Il conclut dès lors à la licéité de la clause d’un contrat de travail suivant laquelle celui-ci prendra fin lorsque l’employeur notifie au travailleur que la mission commerciale à laquelle il est affecté se termine.

En l’espèce, le demandeur fait valoir que la clause serait purement potestative, sa réalisation dépendant exclusivement de la volonté de l’employeur dans la mesure où la société pour laquelle il est mis à disposition fait partie du groupement d’employeurs constituant précisément l’ASBL.

Le tribunal ne suit pas cette thèse pour plusieurs motifs, étant essentiellement que la condition résolutoire s’est réalisée à l’initiative de la société et non de l’ASBL et que celle-ci ne peut pas être considérée comme l’employeur, constatant d’ailleurs que le demandeur rejoint implicitement ce constat dans la mesure où il a dirigé son action uniquement contre l’ASBL employeur.

Le tribunal conclut à la validité de la condition et déboute le demandeur de son action.

Intérêt de la décision

Un premier aspect qui mérite l’attention dans l’affaire tranchée par le Tribunal du travail de Liège est la possibilité pour le groupement d’employeurs de mettre à disposition de ses membres effectifs et adhérents les travailleurs qu’ils emploient.

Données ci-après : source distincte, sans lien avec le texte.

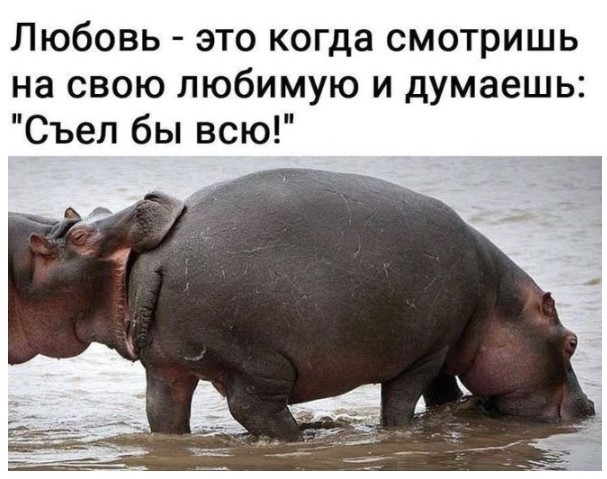 Картиночки, баянчики 20 апреля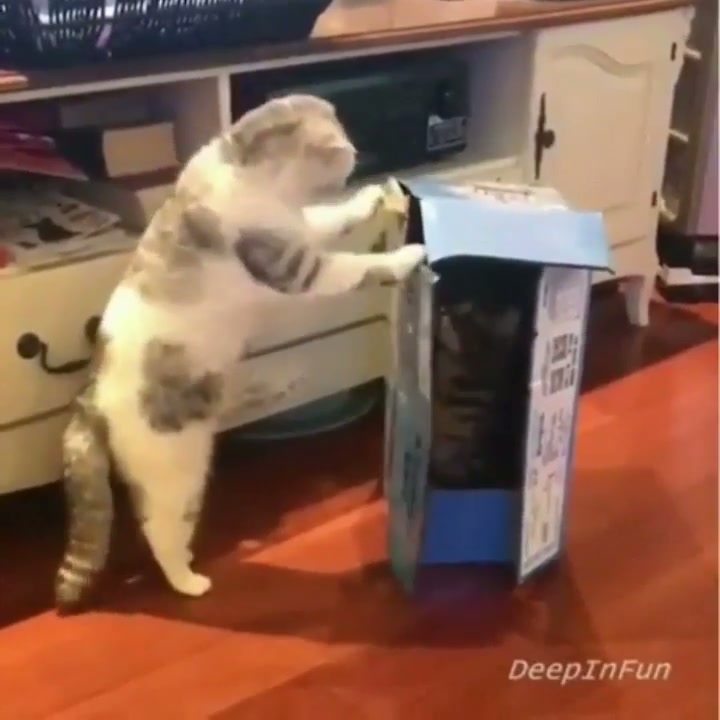 Hyper-intensity ENGAGE! - GIF on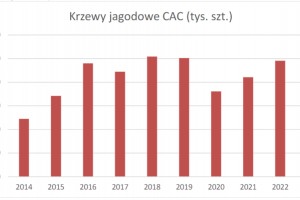 Wykres 2. Liczba sadzonek krzewów jagodowych wytworzonych w kategorii CAC w latach 2014-2023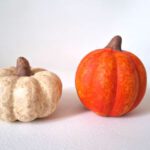 Mini pompoenen (set) - Afbeelding 3
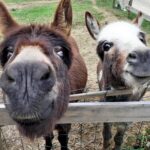 Les équidés du Mas de Rivet dans leur enclos.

Ceci à la condition d’avoir obtenu une dérogation en vertu de l’article 32 de la loi du 24 juillet 1987 sur le travail temporaire, le travail intérimaire et la mise de travailleurs à disposition d’utilisateurs. En l’espèce, l’autorisation du SPF Emploi, Travail et Concertation sociale a été donnée, l’ASBL ayant été agréée le 1er octobre 2014.

Le fond du litige porte par ailleurs sur la validité de la condition résolutoire figurant dans le contrat de travail, condition que le demandeur a qualifiée de purement potestative - ce que n’a pas retenu le tribunal, qui a conclu à l’existence d’une condition simplement potestative.

Celle-ci est admise dans la jurisprudence de la Cour de cassation, le tribunal renvoyant pour ce à son arrêt du 18 janvier 1993 (Cass., 18 janvier 1993, n° 2089). Dans celui-ci, la Cour de cassation a considéré qu’en vertu de l’article 32 de la loi du 3 juillet 1978, les modes généraux d’extinction des obligations sont aussi applicables à l’extinction du contrat de travail et que de la seule circonstance qu’une condition résolutoire stipulée dans un contrat de travail constitue une condition potestative ne peut se déduire que la clause est nulle. Une condition résolutoire stipulée dans un contrat de travail est, pour la Cour, nulle lorsqu’elle a pour effet que le contrat peut prendre fin uniquement par la volonté d’une des parties sans respect des règles impératives régissant le licenciement prescrites par le droit des contrats de travail.

En l’espèce, la cour du travail n’avait pas constaté que la réalisation de la condition stipulée dépendait uniquement de la volonté de l’employeur, mais avait considéré que la réalisation de la condition, à savoir le fait pour le travailleur de ne pas réussir un concours d’instructeur, dépendait en grande partie aussi de celui-ci. En conséquence, pour la Cour suprême, la cour du travail ne justifiait pas légalement sa décision suivant laquelle la clause résolutoire stipulée dans le contrat de travail entre lesdites parties constituait une condition purement potestative et qu’elle était dès lors nulle.

La Cour de cassation a conclu à la violation des articles 32 de la loi du 3 juillet 1978 et 1174 de l’ancien Code civil en tant que l’arrêt de fond avait décidé que toute condition potestative stipulée dans un contrat devait être considérée comme nulle et qu’en droit du travail les conditions purement potestatives et les conditions potestatives mixtes entraînaient la nullité.